To summarize, SMS has some important advantages, such as its ability to increase the slice coverage without substantially increasing the readout time [23], which is of crucial importance in cases of whole-brain perfusion measurement with a high number of slices when using the single-slice 2D EPI acquisition method. In conventional 2D EPI techniques, the discrepancy in spin status across slices is high, because the PLD of the last acquired slice is a few hundred milliseconds greater than that of the first slice, which causes a difference in the longitudinal decay of labeled blood [46]. 2D EPI sequences with SMS overcome this problem through their capacity to shorten the acquisition window using higher acceleration factors; therefore, it would probably be the most suitable technique by which to implement a multi-TI protocol aimed at scouting the most accurate BAT.

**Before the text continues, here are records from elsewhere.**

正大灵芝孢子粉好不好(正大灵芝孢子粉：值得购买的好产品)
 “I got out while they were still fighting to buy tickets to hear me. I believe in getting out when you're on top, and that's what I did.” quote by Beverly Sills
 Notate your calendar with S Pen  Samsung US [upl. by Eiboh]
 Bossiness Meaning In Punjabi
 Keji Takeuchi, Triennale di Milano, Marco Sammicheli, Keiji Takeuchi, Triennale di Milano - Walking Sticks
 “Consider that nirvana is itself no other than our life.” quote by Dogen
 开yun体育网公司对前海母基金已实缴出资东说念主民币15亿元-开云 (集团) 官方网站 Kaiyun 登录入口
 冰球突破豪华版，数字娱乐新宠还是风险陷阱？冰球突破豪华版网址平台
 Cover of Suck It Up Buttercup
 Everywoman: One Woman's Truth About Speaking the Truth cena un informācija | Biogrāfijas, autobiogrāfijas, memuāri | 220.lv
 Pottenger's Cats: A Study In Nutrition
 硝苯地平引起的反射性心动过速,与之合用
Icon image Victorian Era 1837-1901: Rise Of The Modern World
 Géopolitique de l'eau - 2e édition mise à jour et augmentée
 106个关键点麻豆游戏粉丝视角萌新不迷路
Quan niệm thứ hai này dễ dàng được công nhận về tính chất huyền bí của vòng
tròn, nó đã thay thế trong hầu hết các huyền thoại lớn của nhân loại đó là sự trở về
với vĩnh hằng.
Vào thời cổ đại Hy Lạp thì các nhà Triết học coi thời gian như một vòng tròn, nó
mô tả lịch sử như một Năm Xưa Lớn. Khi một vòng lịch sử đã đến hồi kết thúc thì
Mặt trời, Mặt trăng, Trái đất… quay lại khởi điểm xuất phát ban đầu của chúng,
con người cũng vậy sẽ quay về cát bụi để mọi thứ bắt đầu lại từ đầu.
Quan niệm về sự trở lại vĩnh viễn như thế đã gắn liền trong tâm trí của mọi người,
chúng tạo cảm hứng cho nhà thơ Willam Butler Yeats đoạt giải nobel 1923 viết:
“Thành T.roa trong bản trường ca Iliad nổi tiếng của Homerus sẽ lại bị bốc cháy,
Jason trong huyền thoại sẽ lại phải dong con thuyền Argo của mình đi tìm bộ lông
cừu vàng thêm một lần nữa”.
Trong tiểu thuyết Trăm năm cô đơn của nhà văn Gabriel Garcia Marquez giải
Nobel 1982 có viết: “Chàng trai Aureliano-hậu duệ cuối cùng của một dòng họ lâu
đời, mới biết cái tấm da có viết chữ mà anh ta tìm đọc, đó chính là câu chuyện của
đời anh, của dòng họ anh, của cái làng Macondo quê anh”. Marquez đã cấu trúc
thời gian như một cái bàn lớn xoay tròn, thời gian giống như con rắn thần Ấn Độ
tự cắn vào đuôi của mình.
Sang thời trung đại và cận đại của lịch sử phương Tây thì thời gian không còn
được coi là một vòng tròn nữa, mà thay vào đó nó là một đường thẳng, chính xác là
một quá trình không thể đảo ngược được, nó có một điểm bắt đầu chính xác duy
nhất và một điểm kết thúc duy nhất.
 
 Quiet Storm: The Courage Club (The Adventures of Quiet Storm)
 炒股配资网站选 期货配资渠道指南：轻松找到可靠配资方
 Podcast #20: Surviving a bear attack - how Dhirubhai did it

In conclusion, 3D GRASE showed the lowest variability and thus the highest robustness for ASL perfusion imaging in the brain compared to the 2D EPI alternatives in healthy subject population. All 2D EPI protocols with SMS can probably be considered equivalent even though regional differences in the CBF values can be observed from one to the other, which in turn adds a factor of variability that should be considered in multicenter studies. Whether motion correction is more efficient over a 2D longitudinal series than a 3D longitudinal series with powerful BS still needs to be investigated and will determine which of the two approaches is the most suitable technique by which to perform follow-up examinations in a large cohort of patients who are more likely to exhibit involuntary head movements, such as those suffering from brain injury or patients who are affected by neurodegenerative disorders, such as Parkinson’s disease.